めんどり通信/2013年12月29日。主が復活された記念すべき日曜日です!ハレルヤ!
<振り返って反省することについて>



★旧約聖書 詩篇 143: 5
   私は昔の日々を思い出し、あなたのなさったすべてのことに思いを巡らし、あなたの御手
   のわざを静かに考えています。
 
★旧約聖書 イザヤ書 51:1
   義を追い求める者、主を尋ね求める者よ。わたしに聞け。

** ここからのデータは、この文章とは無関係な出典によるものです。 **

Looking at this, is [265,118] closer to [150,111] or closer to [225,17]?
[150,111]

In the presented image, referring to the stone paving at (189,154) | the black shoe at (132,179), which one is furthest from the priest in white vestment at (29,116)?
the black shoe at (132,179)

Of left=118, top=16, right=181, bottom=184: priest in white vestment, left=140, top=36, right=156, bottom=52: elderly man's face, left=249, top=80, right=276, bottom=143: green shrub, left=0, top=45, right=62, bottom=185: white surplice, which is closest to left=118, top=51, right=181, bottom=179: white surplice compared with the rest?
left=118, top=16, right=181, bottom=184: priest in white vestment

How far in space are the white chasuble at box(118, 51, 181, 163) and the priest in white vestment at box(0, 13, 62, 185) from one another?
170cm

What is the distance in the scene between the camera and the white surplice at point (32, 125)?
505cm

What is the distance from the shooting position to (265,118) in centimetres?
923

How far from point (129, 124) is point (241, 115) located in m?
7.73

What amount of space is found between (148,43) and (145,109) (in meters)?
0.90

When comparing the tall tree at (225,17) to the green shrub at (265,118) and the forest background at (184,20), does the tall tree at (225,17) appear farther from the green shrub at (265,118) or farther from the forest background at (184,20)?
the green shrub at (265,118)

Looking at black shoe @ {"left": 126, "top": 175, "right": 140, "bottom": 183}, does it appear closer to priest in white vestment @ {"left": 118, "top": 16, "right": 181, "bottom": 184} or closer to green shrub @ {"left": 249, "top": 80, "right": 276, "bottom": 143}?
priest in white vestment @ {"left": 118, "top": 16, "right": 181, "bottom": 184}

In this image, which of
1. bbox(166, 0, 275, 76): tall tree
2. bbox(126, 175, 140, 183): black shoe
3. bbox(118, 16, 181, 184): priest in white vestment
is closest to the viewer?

あなたがたの切り出された岩、
   掘り出された穴を見よ。
 
★旧約聖書 申命記 24:22
   あなたは、自分がエジプトの地で奴隷であったことを思い出しなさい。・・・
 
●主イエス・キリストを信じて新たな人生のスタートを切り、キリスト教会の中で右も左もわから
ないまま進んで行くうちに、ある者たちは確かな「神の恵み」「神のあわれみ」を体験し、益々
キリストに従って生きていきたいと思うようになり、ある者たちは「神の恵み」「神のあわれ
み」を体験しているにも関わらず、肉(生まれながらの性質)の強さや自我の強さで鈍感にな
り、相変わらず、自分の願い、思いを強調するという自分中心に生きていく。 また、「キリスト
に従っている」と言いながら、実は、古いキリスト教会の慣習や体制、自分たちの経験から割り
出した考えを行ない、「神の恵み」「神のみわざ」を体験していると勘違いしている者たち。 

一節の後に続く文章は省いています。